Introducción a la Biblia

    Biblia es un libro singular. No apareció de la nada, ni ha sido preservada a través de los años por mera casualidad. Para comprender cómo llegó a nosotros, es necesario explorar su fascinante historia de formación y transmisión. Este estudio se propone ofrecer un relato honesto y basado en hechos reales sobre la manera en que la Biblia ha sido preservada y entregada a nuestra generación. Es una historia de aventura, dedicación, trabajo arduo y fe por parte de aquellos que, a menudo a gran costo, transmitieron el mensaje de salvación de generación en generación.

    El término "Biblia" proviene del griego "biblia", que significa "libros". La palabra singular es "biblion", que originalmente significaba un "rollo de papiro". "Biblos" era un término griego para papiro, una planta egipcia utilizada como material de escritura desde aproximadamente el año 3000 a.C. El antiguo puerto fenicio de Gebal fue renombrado por los griegos como Biblos porque era famoso por la fabricación de papiros. Así, la palabra misma "Biblia" se remonta a la planta de papiro. De referirse a "los rollos de papiro" como "los libros", se pasó a referirse a "los Libros" sagrados y luego al "Libro" de la Sagrada Escritura. Aunque vivimos en una época en la que los libros se imprimen a millares, es fácil pasar por alto el drama detrás de nuestra Biblia.

La Formación y Transmisión del Texto Bíblico

    La creación de libros en la antigüedad involucraba el uso de diversos materiales. Además del papiro, se utilizaba el cuero y el pergamino. Las pieles de animales estuvieron en uso mucho antes del siglo II a.C.; por ejemplo, se mencionan documentos de cuero en Egipto desde el año 2500 a.C. Aunque a Eumenes II de Pérgamo (siglo II a.C.) se le atribuyó la invención del pergamino, puede que solo haya desarrollado un proceso mejor para tratar las pieles. Pérgamo y el pergamino están, sin disputa, conectados.

    Los escritos se realizaban usualmente en un solo lado del rollo, aunque a veces se usaban ambos lados. La escritura se organizaba en columnas. Los rollos variaban en tamaño, generalmente no superando los diez metros de longitud. Esta limitación de longitud tenía importancia para el Nuevo Testamento, ya que libros más largos como Mateo, Lucas o Hechos requerirían rollos de nueve a diez metros, lo que explica por qué Lucas y Hechos fueron escritos como volúmenes separados y tendrían que circular individualmente mientras el rollo fuera el formato principal.

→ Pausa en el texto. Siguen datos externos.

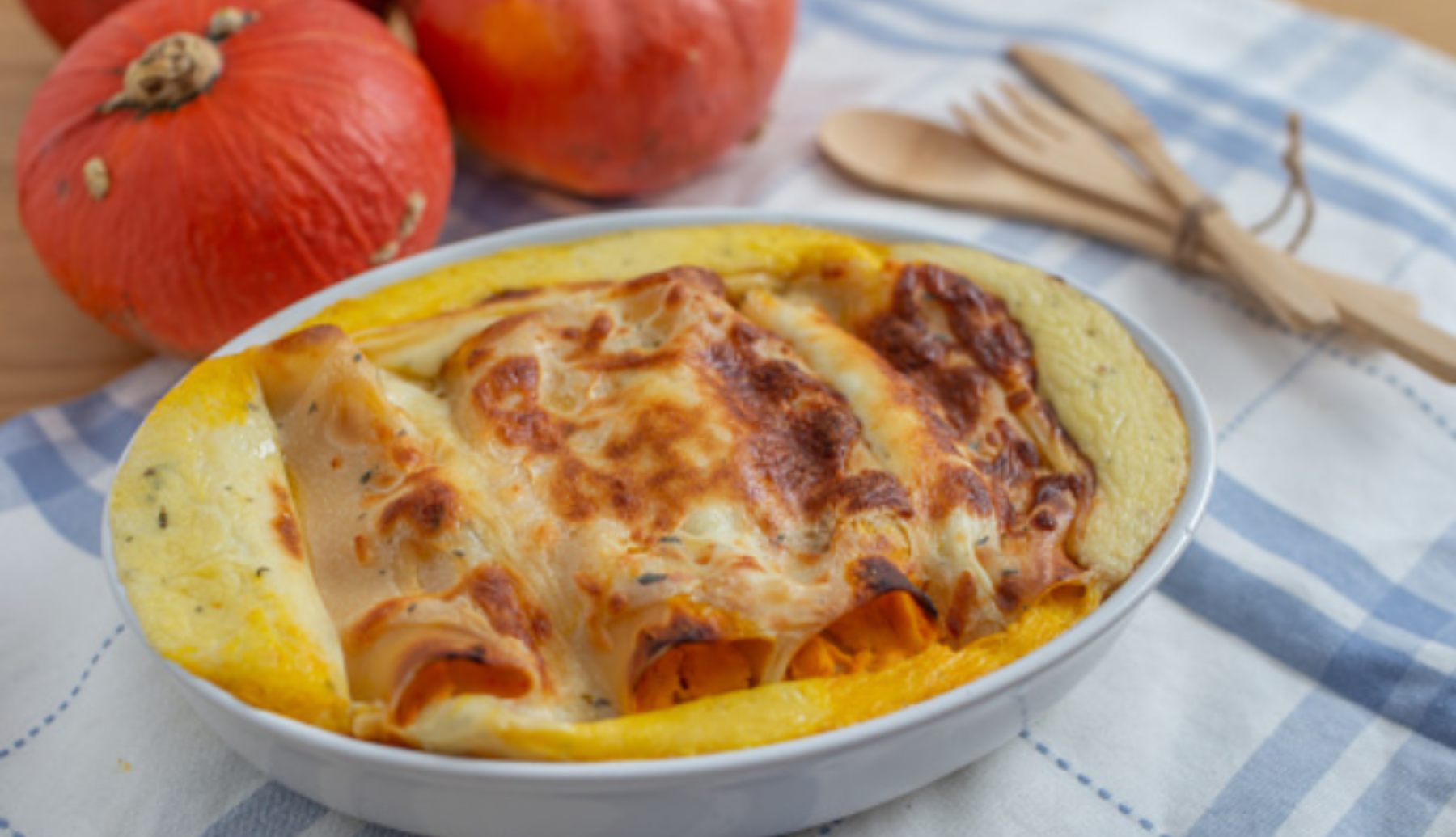 El curioso motivo por el que hoy se comen Canelones en Cataluña: el origen de la tradición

    Detrás de la creación y preservación de estos escritos estaban los escribas. Su importancia es casi imposible de exagerar. En Mesopotamia y Egipto, el escriba capacitado era muy apreciado. En Palestina, los escribas profesionales eran responsables de escribir y copiar la mayoría de los documentos hebreos. Durante la Edad Media, los escribas en los scriptoria de los monasterios eran los productores de libros y contribuyeron especialmente a la preservación de los textos de la Escritura. Los escribas trabajaban sentados, probablemente en un banco o taburete, con el códice sobre sus rodillas. En ocasiones, dejaban notas en los márgenes o al final de sus manuscritos, a veces describiendo el gran esfuerzo involucrado ("con gran sudor y trabajo agotador") o expresando alivio ("El fin del libro, ¡gracias a Dios!"). Alan R. Millard ha elogiado a los antiguos escribas por el cuidado con el que realizaban su trabajo.

    La Biblia fue escrita en tres idiomas principales: hebreo, arameo y griego. La mayor parte del Antiguo Testamento fue escrita en hebreo, aunque algunas porciones (en Daniel, Esdras y Jeremías 10:11) están en arameo. El arameo llegó a ser el idioma popular de los judíos después del exilio, y probablemente era la lengua hablada por Jesús y sus discípulos en los días del Nuevo Testamento, como evidencian frases arameas en los Evangelios ("talita cumi", "efata", "Eloi, Eloi, ¿lama sabactani?") y cartas ("Aba", "Maran-ata"). El Nuevo Testamento fue escrito en griego, el idioma común en el siglo I. El griego del Nuevo Testamento es, en general, más literario que el griego hablado, aunque contiene rasgos propios.

    La transmisión de los textos se realizó a través de la copia manual, dando lugar a una multitud de manuscritos. Todos los manuscritos bíblicos que poseemos hoy son copias, ya que los escritos originales se perdieron. Esto fue conveniente para evitar la adoración de objetos relacionados con lo sagrado. La investigación científica nos da confianza en que la Biblia que leemos es, para todo fin práctico, la misma que se produjo bajo inspiración divina. Los manuscritos bíblicos se clasifican principalmente por su estilo de escritura: unciales y minúsculos. Hay alrededor de 650 manuscritos unciales y unos 2.800 minúsculos en existencia. Además, hay más de 2.200 leccionarios, manuscritos arreglados específicamente para la lectura en servicios públicos de adoración, que tienden a ser copiados con más cuidado. Los papiros, descubiertos principalmente en el siglo XX, son de inmensa importancia para el texto del Nuevo Testamento.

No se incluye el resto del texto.